Studio album by Elkie Brooks
- Released: 1975 (UK)
- Recorded: Summer 1975
- Studio: Record Plant, Los Angeles
- Genre: Rock
- Label: A&M
- Producer: Kenny Kerner; Richie Wise;

Elkie Brooks chronology
|  | Rich Man's Woman (1975) | Two Days Away (1977) |

= Rich Man's Woman =

Rich Man's Woman is the debut album by English rock, blues and jazz singer Elkie Brooks, released in 1975 by A&M Records.

==Background==
Publicity for the album included a promotional week at Ronnie Scott's Jazz Club in London. The picture sleeve featuring a semi-naked Brooks was controversial.

Despite an initial marketing campaign, Rich Man's Woman failed to enter the UK Albums Chart and both A&M and Brooks decided to stop promoting the work to focus on her follow-up album, Two Days Away (1977).
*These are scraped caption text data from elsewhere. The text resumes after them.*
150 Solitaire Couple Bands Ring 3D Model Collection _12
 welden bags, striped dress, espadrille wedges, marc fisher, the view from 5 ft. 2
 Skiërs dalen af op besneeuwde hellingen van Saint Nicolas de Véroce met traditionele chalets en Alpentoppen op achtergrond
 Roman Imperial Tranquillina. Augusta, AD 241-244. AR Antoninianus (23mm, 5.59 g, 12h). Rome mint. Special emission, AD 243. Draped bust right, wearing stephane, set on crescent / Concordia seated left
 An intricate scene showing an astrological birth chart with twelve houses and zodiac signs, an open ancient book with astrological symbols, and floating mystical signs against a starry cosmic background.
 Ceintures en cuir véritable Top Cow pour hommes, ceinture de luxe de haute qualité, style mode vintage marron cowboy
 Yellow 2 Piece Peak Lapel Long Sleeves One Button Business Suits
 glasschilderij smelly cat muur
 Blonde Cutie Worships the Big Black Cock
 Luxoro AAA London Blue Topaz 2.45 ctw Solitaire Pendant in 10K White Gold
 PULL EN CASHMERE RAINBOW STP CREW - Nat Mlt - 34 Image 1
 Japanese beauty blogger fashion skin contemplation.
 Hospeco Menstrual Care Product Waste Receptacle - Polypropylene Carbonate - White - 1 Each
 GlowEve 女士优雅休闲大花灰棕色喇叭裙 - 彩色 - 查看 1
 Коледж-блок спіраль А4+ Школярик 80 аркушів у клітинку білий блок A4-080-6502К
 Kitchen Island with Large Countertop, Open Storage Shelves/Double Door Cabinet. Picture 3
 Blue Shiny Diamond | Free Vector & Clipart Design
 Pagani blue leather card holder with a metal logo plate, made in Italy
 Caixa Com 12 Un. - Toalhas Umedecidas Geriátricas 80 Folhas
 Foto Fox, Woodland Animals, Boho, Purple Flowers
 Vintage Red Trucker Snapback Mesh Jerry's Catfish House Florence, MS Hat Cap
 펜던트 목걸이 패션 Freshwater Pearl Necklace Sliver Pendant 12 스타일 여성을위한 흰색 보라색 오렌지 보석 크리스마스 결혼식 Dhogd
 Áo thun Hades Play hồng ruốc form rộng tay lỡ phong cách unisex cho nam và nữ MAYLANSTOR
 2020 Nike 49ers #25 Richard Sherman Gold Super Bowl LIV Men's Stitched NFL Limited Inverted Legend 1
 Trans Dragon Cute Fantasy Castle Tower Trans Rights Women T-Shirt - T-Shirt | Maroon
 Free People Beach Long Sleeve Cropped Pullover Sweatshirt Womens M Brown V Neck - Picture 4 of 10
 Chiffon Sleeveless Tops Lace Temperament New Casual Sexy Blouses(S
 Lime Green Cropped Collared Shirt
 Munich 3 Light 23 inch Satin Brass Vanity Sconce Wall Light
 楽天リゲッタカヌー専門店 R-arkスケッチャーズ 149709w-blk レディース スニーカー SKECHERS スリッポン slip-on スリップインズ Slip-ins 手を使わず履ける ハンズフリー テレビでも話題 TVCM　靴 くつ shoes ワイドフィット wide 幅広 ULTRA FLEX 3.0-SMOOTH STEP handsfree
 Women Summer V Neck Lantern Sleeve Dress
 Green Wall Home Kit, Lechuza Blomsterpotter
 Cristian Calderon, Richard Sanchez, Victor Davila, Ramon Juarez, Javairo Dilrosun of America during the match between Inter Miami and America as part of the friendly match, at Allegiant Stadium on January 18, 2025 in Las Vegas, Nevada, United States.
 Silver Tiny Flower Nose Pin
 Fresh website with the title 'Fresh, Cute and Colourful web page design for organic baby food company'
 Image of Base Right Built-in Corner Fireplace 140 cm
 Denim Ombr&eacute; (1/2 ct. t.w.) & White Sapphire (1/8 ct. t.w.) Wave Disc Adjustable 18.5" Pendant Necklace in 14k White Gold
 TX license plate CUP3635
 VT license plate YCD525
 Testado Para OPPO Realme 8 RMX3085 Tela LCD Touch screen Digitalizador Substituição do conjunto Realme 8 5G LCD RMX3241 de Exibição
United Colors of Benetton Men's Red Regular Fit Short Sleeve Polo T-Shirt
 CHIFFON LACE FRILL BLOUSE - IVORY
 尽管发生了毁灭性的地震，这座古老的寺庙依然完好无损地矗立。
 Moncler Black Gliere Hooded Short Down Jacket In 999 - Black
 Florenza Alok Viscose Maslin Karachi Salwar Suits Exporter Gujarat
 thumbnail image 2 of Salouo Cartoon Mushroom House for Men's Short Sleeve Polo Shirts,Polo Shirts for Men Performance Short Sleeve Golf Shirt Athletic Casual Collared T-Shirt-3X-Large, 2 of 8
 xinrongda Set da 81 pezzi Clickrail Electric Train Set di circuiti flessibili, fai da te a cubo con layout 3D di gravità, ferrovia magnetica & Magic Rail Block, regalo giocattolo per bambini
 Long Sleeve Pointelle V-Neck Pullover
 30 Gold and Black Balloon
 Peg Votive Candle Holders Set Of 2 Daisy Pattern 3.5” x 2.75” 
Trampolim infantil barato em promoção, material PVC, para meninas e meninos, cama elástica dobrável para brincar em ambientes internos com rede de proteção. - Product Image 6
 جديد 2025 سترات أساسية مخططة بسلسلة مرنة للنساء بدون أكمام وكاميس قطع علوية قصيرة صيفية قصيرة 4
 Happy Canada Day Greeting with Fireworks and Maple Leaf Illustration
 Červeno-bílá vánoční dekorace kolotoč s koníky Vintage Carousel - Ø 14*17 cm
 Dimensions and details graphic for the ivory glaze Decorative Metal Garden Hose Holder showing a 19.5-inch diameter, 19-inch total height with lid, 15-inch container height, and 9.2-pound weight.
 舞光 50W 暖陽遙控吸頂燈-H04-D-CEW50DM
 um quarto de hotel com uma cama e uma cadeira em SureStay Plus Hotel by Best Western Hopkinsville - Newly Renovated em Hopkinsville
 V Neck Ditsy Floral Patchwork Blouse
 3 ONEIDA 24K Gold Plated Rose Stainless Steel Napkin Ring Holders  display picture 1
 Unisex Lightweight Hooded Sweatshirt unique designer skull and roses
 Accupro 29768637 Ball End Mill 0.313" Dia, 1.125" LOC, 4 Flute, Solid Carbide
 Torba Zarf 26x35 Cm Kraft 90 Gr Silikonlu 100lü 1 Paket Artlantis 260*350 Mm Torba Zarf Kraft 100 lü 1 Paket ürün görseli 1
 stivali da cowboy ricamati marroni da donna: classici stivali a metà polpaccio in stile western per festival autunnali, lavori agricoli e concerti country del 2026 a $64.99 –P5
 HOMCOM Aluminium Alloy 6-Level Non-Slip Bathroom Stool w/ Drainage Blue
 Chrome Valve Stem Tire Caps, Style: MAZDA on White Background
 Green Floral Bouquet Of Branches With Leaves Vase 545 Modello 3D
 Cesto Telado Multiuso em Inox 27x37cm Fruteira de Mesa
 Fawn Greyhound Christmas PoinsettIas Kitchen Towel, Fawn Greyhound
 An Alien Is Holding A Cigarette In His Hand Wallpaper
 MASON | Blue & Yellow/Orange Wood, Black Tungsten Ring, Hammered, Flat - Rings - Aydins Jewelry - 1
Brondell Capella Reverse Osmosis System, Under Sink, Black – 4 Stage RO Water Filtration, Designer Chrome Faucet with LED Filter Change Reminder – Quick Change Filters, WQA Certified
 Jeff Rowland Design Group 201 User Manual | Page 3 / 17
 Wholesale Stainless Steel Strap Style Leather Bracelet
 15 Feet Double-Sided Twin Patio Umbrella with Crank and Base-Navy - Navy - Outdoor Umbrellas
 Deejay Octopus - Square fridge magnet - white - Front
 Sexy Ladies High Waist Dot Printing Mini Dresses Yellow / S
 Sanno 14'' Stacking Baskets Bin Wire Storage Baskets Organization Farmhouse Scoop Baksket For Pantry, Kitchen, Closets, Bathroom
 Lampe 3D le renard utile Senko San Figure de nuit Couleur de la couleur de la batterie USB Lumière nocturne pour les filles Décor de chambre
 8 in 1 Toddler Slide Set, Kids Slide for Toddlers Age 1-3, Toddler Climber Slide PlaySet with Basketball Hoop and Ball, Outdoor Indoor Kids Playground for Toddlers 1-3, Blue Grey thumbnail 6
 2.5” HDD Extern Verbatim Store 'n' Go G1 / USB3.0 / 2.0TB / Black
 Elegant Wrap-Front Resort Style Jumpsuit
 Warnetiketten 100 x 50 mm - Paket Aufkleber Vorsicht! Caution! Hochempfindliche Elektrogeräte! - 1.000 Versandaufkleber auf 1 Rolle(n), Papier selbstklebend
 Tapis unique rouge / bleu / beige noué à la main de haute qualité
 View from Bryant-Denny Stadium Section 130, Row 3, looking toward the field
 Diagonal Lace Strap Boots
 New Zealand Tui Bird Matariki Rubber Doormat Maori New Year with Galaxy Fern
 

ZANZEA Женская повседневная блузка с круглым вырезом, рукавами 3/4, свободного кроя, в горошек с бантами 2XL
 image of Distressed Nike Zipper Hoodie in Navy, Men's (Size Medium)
The album has been released on CD, coupled with Two Days Away.

==Single releases==
- "Where Do We Go from Here" (1975)
- "He's a Rebel" (1975)

==Details==
- Recorded 1975 at the Record Plant in Los Angeles, California. Mastered at A&M Recording Studios in Hollywood, California.
- Issued on vinyl and cassette in 1975 through A&M Records. Re-released in 1985 on CD, vinyl and cassette through Pickwick Records.

== Track listing ==
All tracks written by Elkie Brooks, except where noted.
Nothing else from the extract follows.